Des SMS et des sites organisent le boycott
La réaction contestataire religieuse prend une toute autre forme : celle d’une lutte commerciale. Une lutte relayée par les messages SMS sur les téléphones cellulaires et les sites Internet. Puk, Lego, Yoggi… Ces noms ne vous disent peut-être rien mais ce sont quelques-uns des produits victimes de la campagne menée par certains musulmans. Voici des messages que l’on lire sur les portables ou lire sur le Web. Le SMS est le suivant : « Le code barre des produits danois commence par 57. Pour ceux qui aiment notre prophète Mohamed (paix et salut sur Lui) et veulent boycotter les ennemis d’Allah. Faites passer ce msg (message, ndlr) ».

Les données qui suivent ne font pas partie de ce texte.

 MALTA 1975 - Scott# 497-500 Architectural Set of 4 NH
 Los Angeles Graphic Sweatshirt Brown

D’autre part, ce courriel, qui est diffusé largement, va plus loin dans la lutte commerciale. « Suite à l’affaire des caricatures de notre cher prophète PBUH (paix et bénédiction sur Lui, ndlr) publiées dans un journal danois. Voilà la liste des produits danois pour participer à la compagne de boycott afin de protester contre tous ceux qui osent s’attaquer à notre cher Prophète (PBUH). N’oubliez pas de chercher le numéro 57 sur tous les codes barres de vos produits, c’est la moindre des choses qu’on peut faire ». Et d’ajouter une liste de ces dits produits sur l’adresse d’un site web en arabe.
Crise diplomatique
Le site « No4denmark » dresse la liste des produits danois à bannir, comme pour laver le déshonneur du prophète de l’Islam. « No4denmark » étale minutieusement une liste pour le moins exhaustive des denrées alimentaires laitières, shampoing, jouets qui sont largement consommés dans les pays arabes et musulmans. Son slogan est très clair : « Pour le prophète et Non au Danemark ».

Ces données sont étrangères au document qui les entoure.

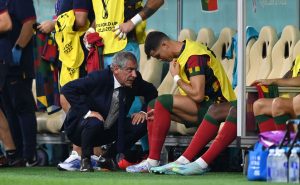 Cristiano Ronaldo arrancó en la banca – Fuente: Getty
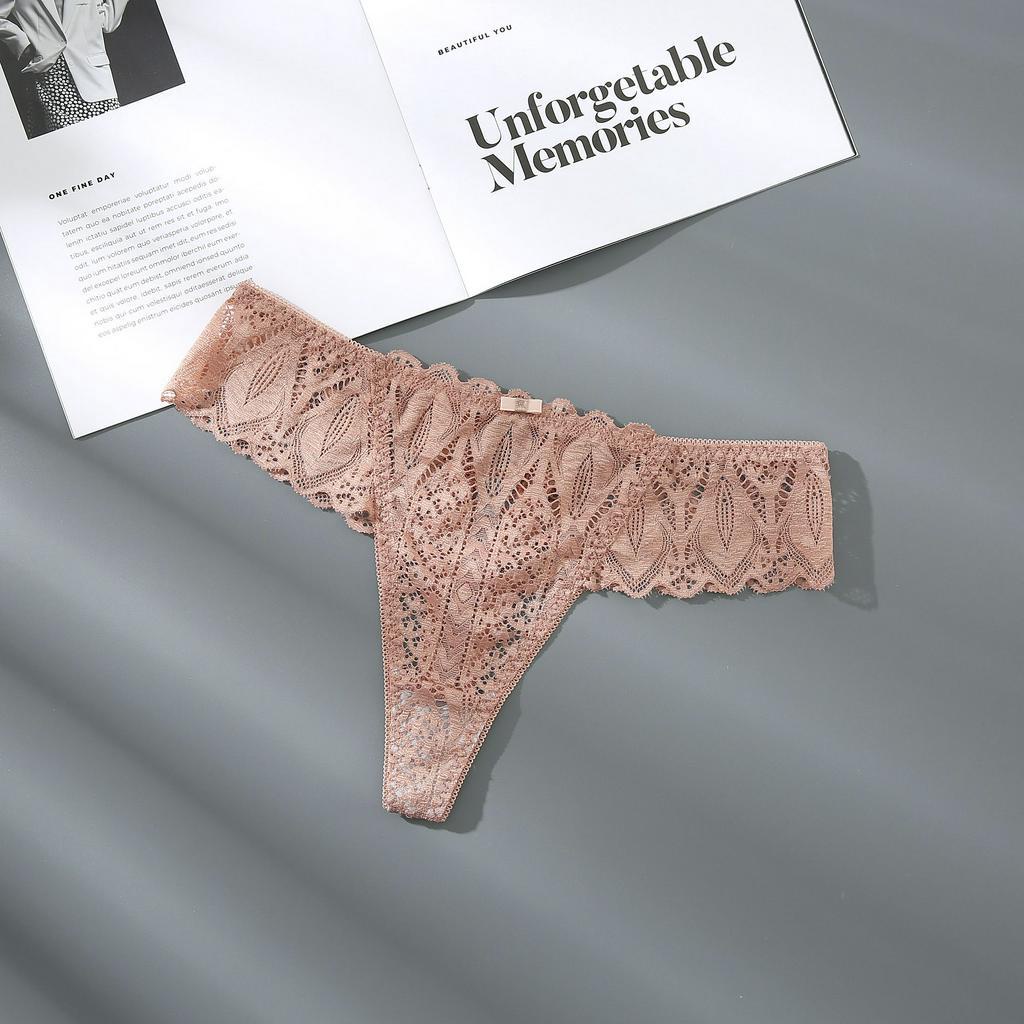 Calcinha Feminina De Renda Sexy Lingerie T Back G String Multicolor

L’Iran, par la voix de son ministre iranien du Commerce, a annoncé, lundi, sa décision de suspendre ses échanges commerciaux avec le Danemark – alors que Bruxelles mettait en garde tous les pays qui boycotteraient les produits européens. « Un boycottage des produits danois est par définition un boycottage des produits européens », a déclaré Johannes Laitenberger, porte-parole de l’Union européenne. La Commission européenne étudie « sa réaction » face à la décision iranienne de suspendre tous les échanges commerciaux avec le Danemark.
En Jordanie, 64 députés ont signés une pétition, lundi, demandant au gouvernement d’annuler ses accords et d’interdire les importations de produits du Danemark, mais aussi de Norvège et de Nouvelle-Zélande, pays dans lesquels des caricatures ont également été publiées. Dans la même veine, ils souhaitent que les autorités mettent en œuvre la tenue de sommets arabe et islamique, jugeant que les caricatures sont un « crime » et qu’il ne suffit pas de les dénoncer. Le Premier ministre jordanien par intérim, le ministre des Finances Ziad Fariz, a affirmé qu’il étudierait la requête des députés par rapport aux intérêts nationaux.